Repeat the records below exactly, from the first line through the line containing "Fundations: Wilson Language", and leave out any pictures.

START Extracted records

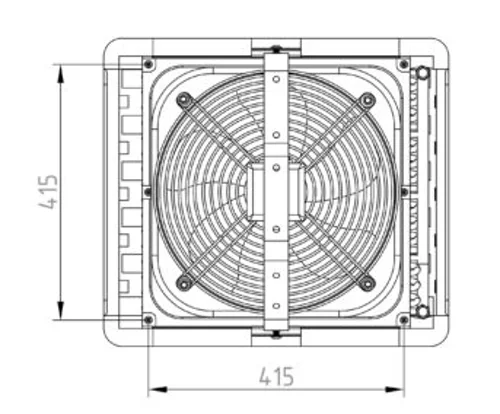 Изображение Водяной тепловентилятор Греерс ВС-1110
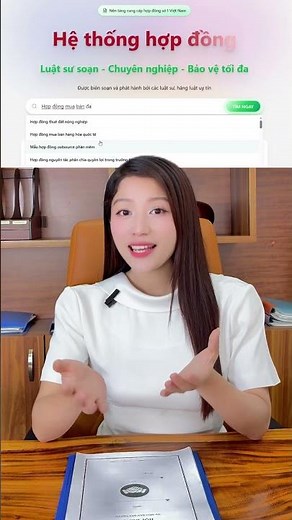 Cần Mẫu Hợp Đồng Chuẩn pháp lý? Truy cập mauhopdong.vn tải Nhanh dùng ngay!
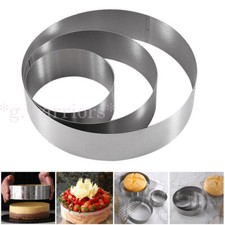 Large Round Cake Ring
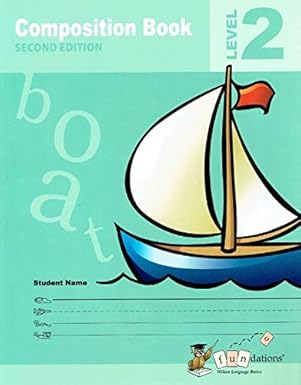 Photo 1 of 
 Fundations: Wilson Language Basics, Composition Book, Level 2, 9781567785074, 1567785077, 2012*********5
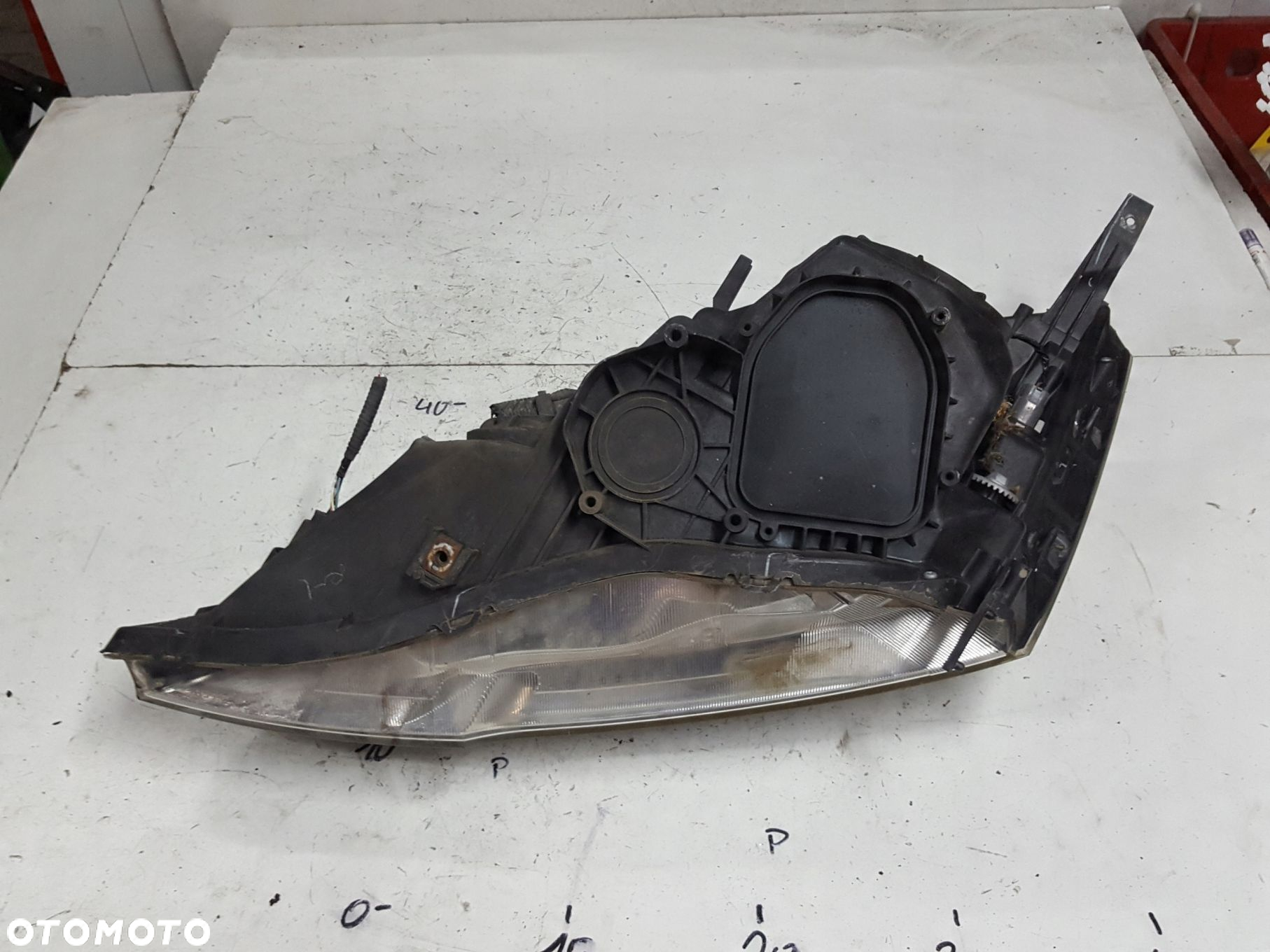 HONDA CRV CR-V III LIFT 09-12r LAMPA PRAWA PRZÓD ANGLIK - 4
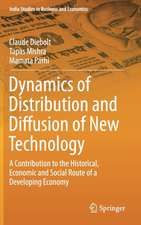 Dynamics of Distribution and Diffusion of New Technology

END Extracted records

* **Task response**
 Изображение Водяной тепловентилятор Греерс ВС-1110
 Cần Mẫu Hợp Đồng Chuẩn pháp lý? Truy cập mauhopdong.vn tải Nhanh dùng ngay!
 Large Round Cake Ring
 Photo 1 of 
 Fundations: Wilson Language Basics, Composition Book, Level 2, 9781567785074, 1567785077, 2012*********5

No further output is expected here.